__The problem__.
Repeat the data exactly, leaving out any image.

++++

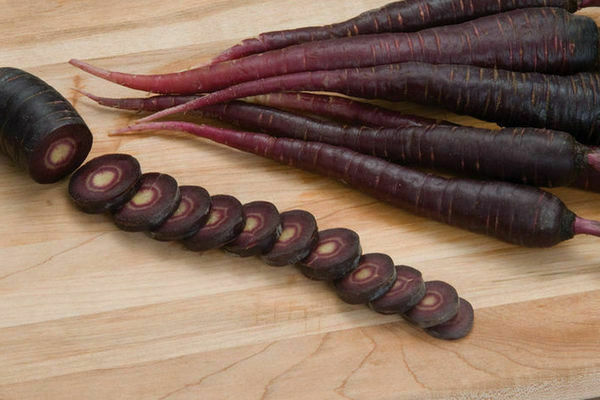 black carrot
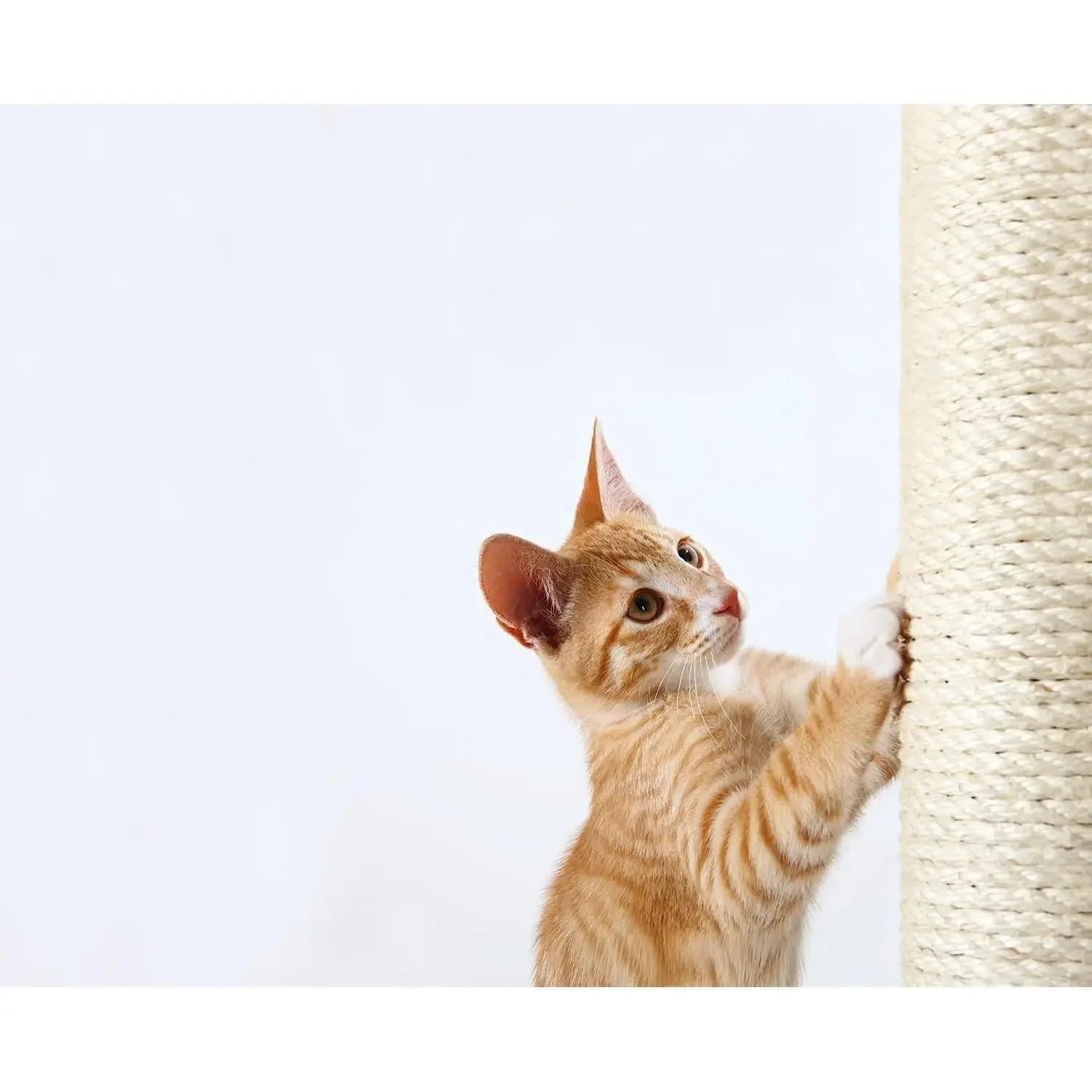 Unusual- Natural Sisal Scratching Post Replacement for Cats - Various Sizes Available, 10mm Screw Replacement for Beige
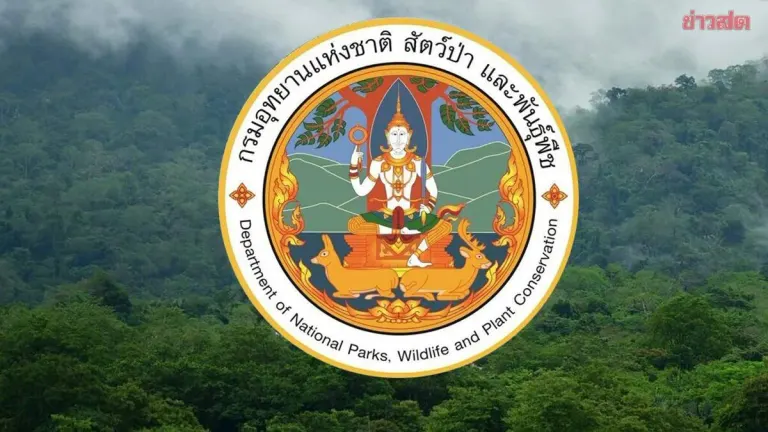 DNP Chief Orders Transfer of 95 Officials, Names Released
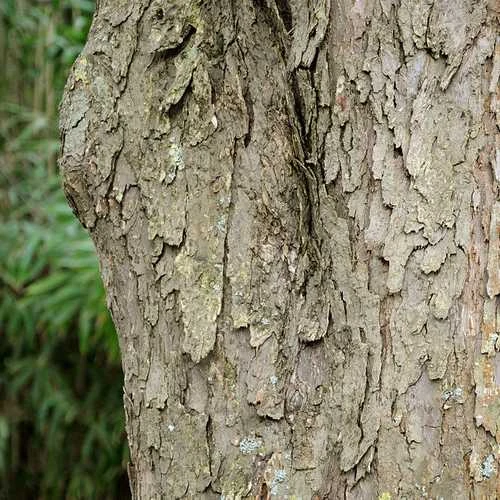 Davidia Involucrata - Handkerchief Tree - Image 6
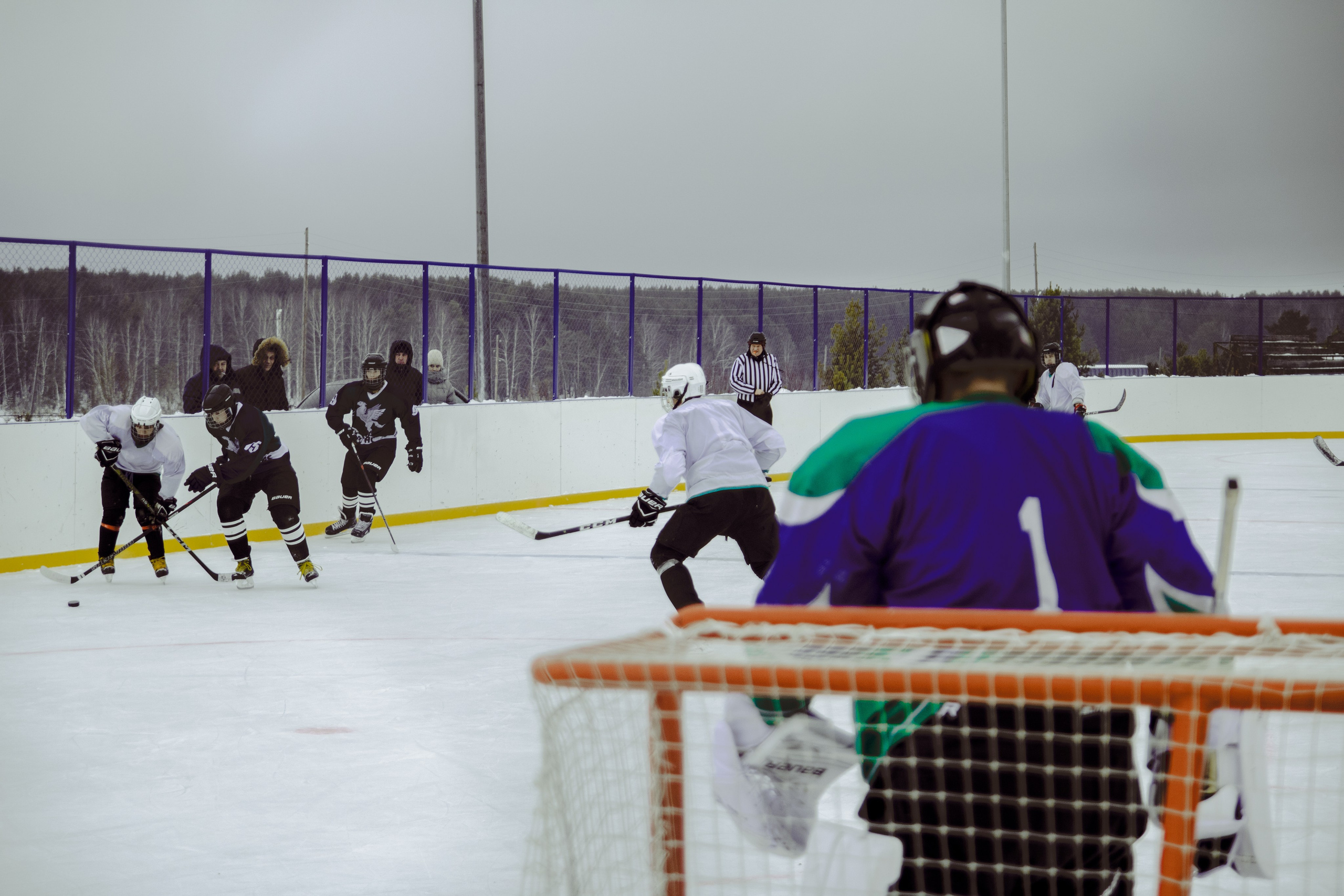 Хоккей 29.12.2024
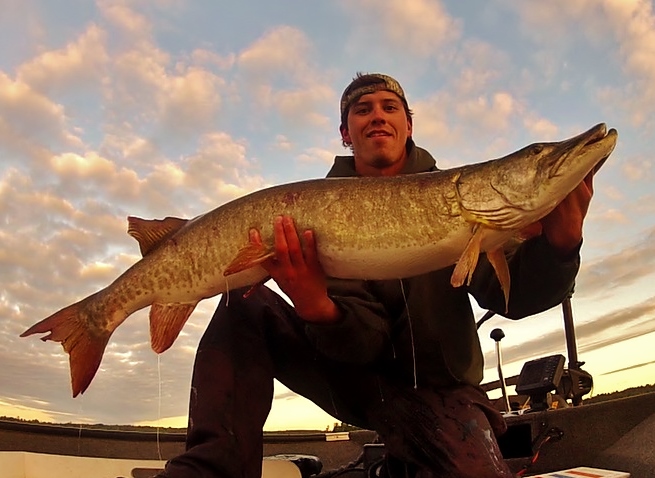 Click to expand / contract the width of this image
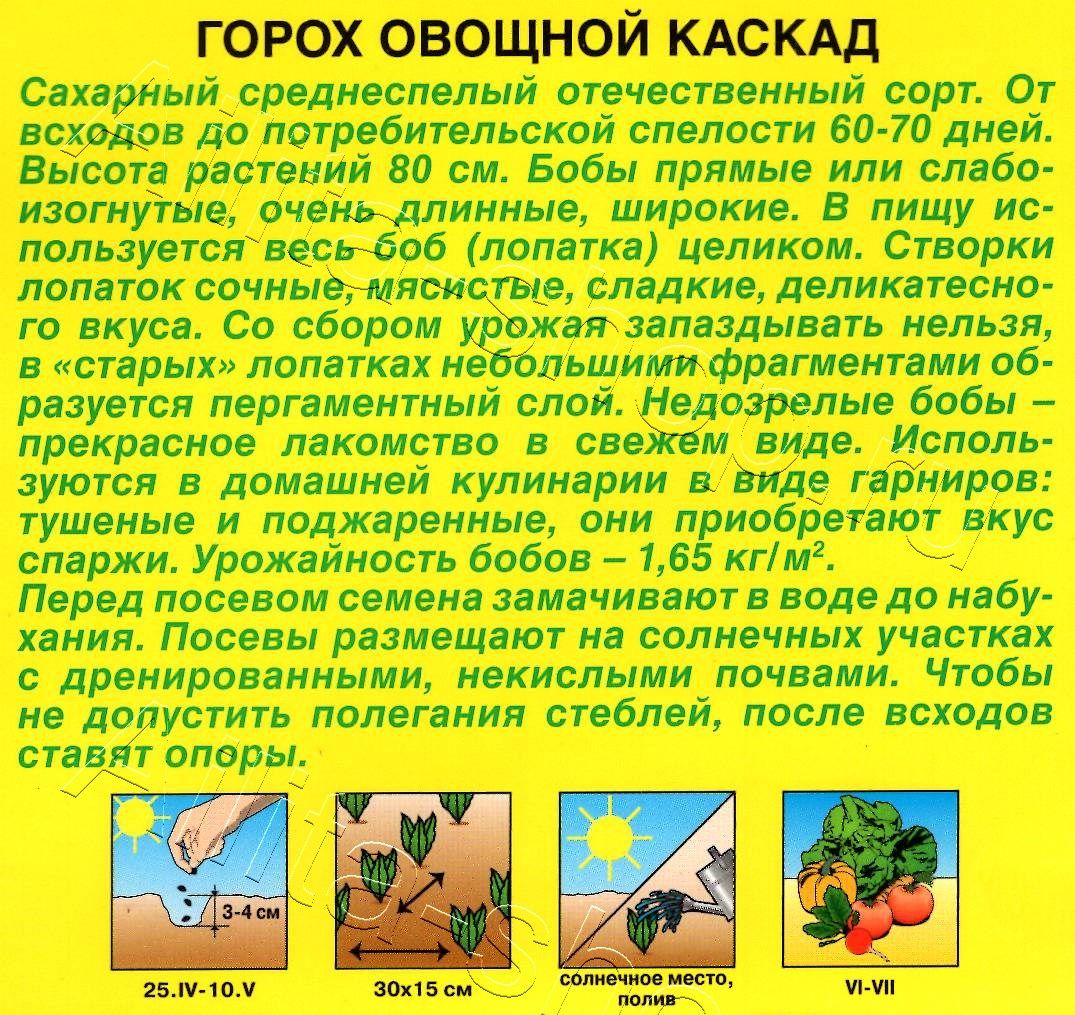 Горох овощной Каскад 25г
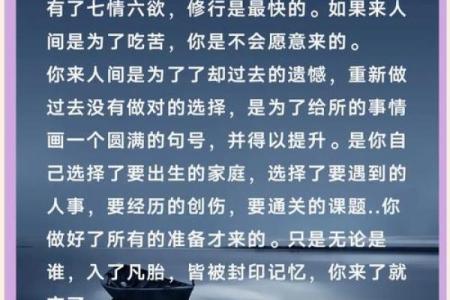 揭秘仙人转世背后的奥秘与人生启示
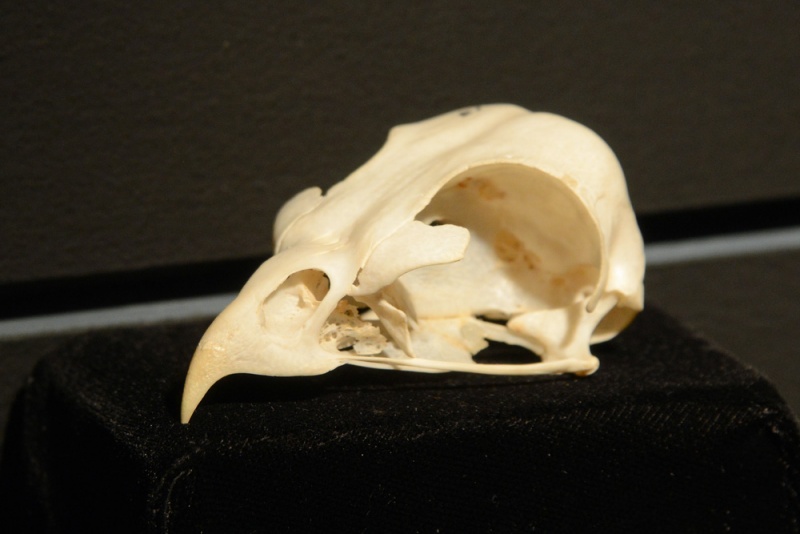 File:Buteo swainsoni 1.jpg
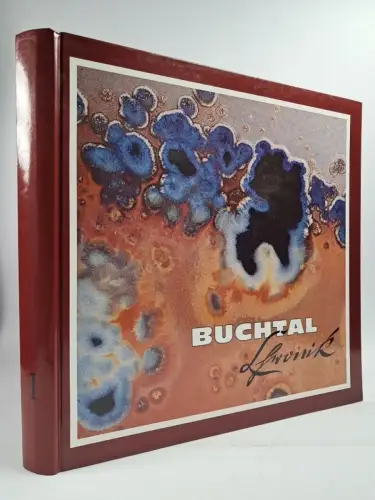 Buch: Buchtal-Chronik Band I - Vorgeschichte und die Zeit von der Gründung ...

++++

__Answer space__.
 black carrot
 Unusual- Natural Sisal Scratching Post Replacement for Cats - Various Sizes Available, 10mm Screw Replacement for Beige
 DNP Chief Orders Transfer of 95 Officials, Names Released
 Davidia Involucrata - Handkerchief Tree - Image 6
 Хоккей 29.12.2024
 Click to expand / contract the width of this image
 Горох овощной Каскад 25г
 揭秘仙人转世背后的奥秘与人生启示
 File:Buteo swainsoni 1.jpg
 Buch: Buchtal-Chronik Band I - Vorgeschichte und die Zeit von der Gründung ...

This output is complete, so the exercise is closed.